- **WORK TO COMPLETE**: Output all of the data exactly as it appears, but leave out any pictures it contains.

- **COLLECTED MATERIAL**:

━━━━━━━━━━━━━━━━━━━━

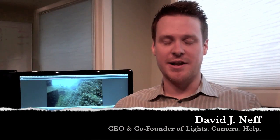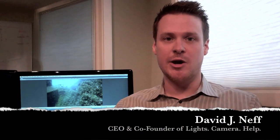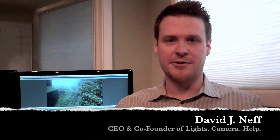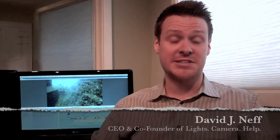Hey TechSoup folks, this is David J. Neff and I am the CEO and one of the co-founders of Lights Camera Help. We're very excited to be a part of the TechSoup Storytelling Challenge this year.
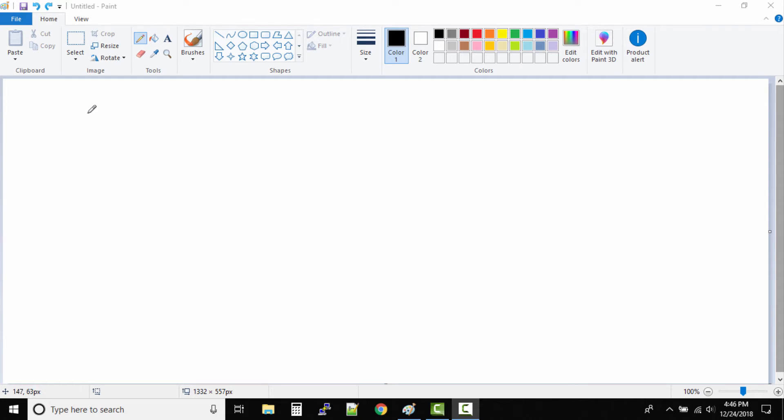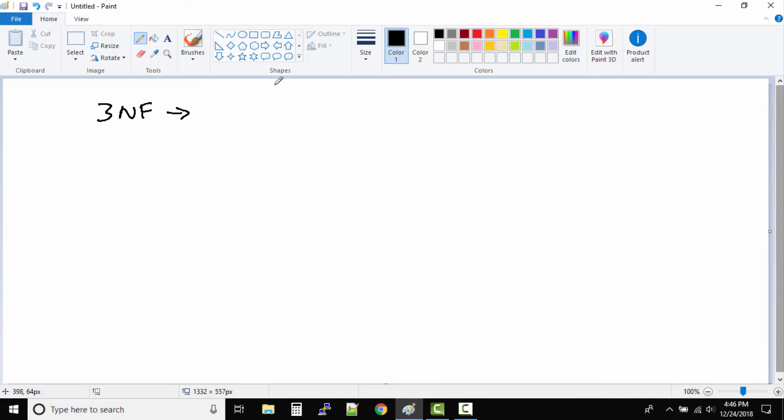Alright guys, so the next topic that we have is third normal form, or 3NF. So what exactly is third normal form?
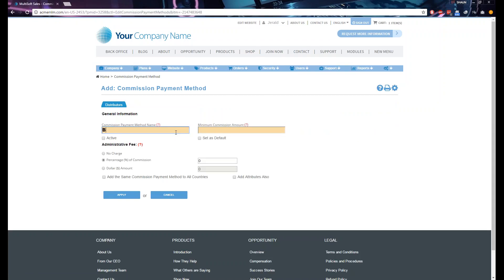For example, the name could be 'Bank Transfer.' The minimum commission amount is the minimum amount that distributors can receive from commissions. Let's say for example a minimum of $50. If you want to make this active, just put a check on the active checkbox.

━━━━━━━━━━━━━━━━━━━━

- **EXPECTED ANSWER**:
Hey TechSoup folks, this is David J. Neff and I am the CEO and one of the co-founders of Lights Camera Help. We're very excited to be a part of the TechSoup Storytelling Challenge this year.
Alright guys, so the next topic that we have is third normal form, or 3NF. So what exactly is third normal form?
For example, the name could be 'Bank Transfer.' The minimum commission amount is the minimum amount that distributors can receive from commissions. Let's say for example a minimum of $50. If you want to make this active, just put a check on the active checkbox.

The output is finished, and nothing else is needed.